Riitta Rainio & Noora Vikman: Engagements with environment – art of echos, traditions and rituals
Until the last century, Finnish sages healed the sick through various sonic rituals containing sung or spoken spells, shouting, spitting, shooting and other types of making noise. According to tradition, these rituals were often performed by cliffs, gorges and caves, where echoes or reverberation from surrounding rocky surfaces could have an effect on the healing experiences and practices. This paper explores the interaction and dialogue between sound, wellbeing and natural environment at the historical site of Vaskikallio (‘Copper Rock’) situated in Lieksa, Eastern Finland. We examine the acoustic properties of Vaskikallio by in situ impulse response measurements. We trace the spells used by a local healer Antti Vinne (1826–1898) from folklore databases and perform and record them in their original acoustic context by the echoing cliff.

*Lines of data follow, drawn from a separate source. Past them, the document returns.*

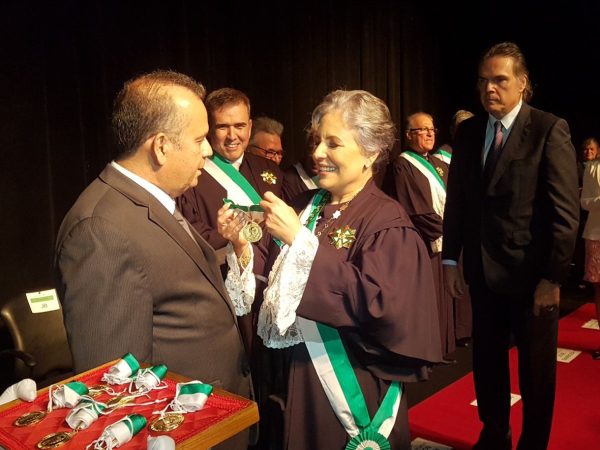 A presidente do TRT-RN, Maria Auxiliadora, fez a entrega da medalha ao deputado Rogério Marinho (Foto: Divulgação)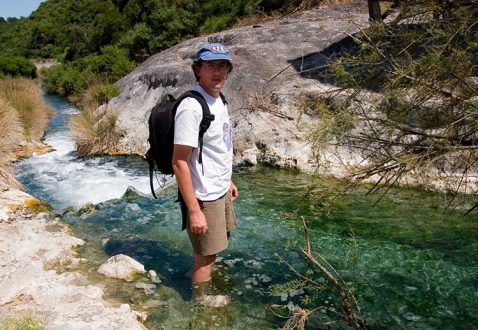 Илья на секунду заскочил в горячий источник в Фермопилах.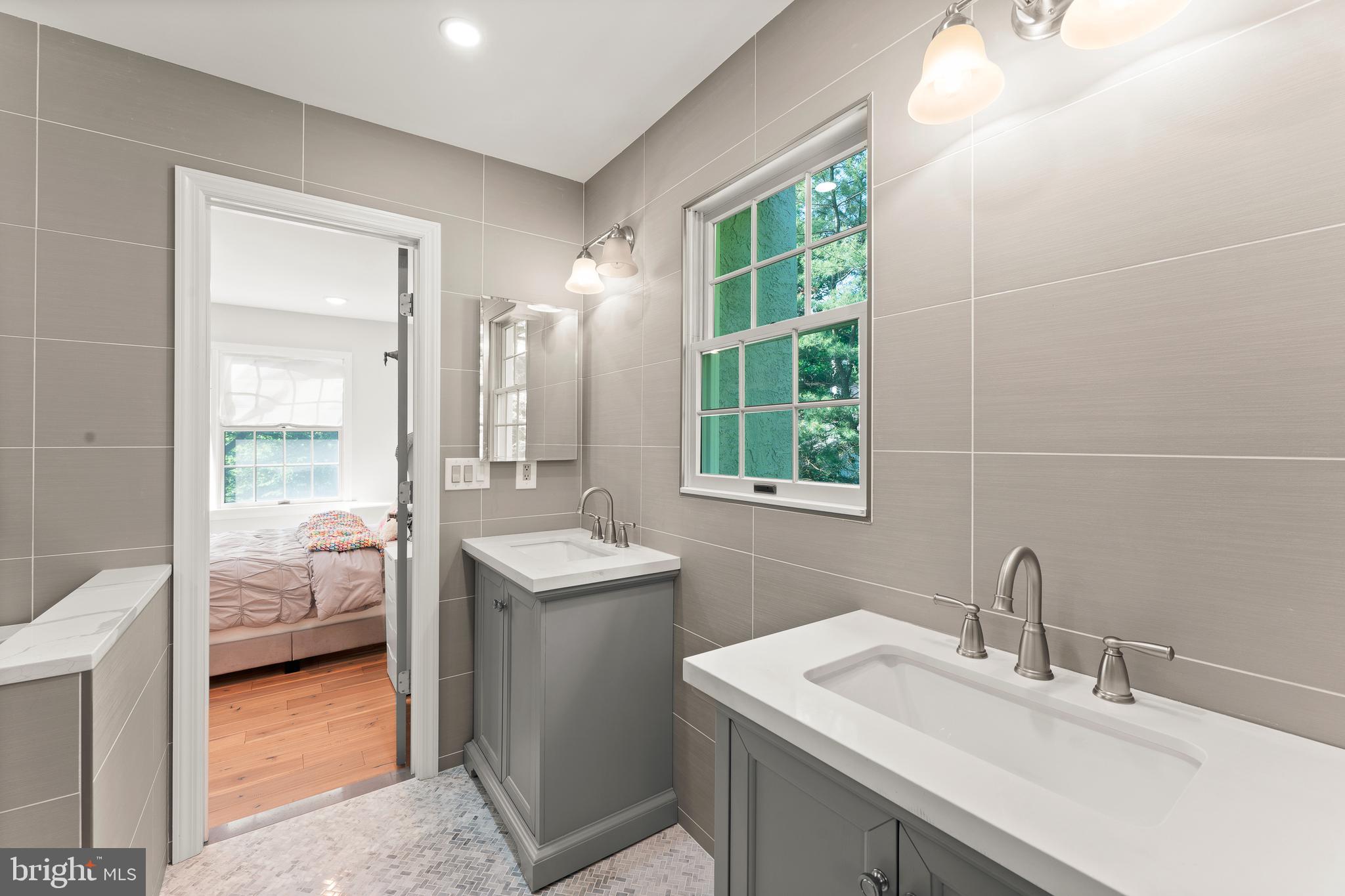 SPRING MDWS - Residential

Furthermore, we interview present-day visitors of Vaskikallio in order to find out the meaning(fullnes) of this place today. How do those people who visit Vaskikallio experience it? What all makes it and places alike special and meaningful? What happens if these experiences are put in dialogue with artistic expression? What happens when the artists visit the place for the first time? What are their (first) impression of the acoustics when they sing, joik, drum or sing there? What is the role of the natural environments in their art? How do the visitors get inspired by the stories of the past and why do they attract? How has the stories been applied to certain rituals and art? How have the traditions been adopted to the experiences, music and performances? Is all this connected to go for wellbeing? If yes how?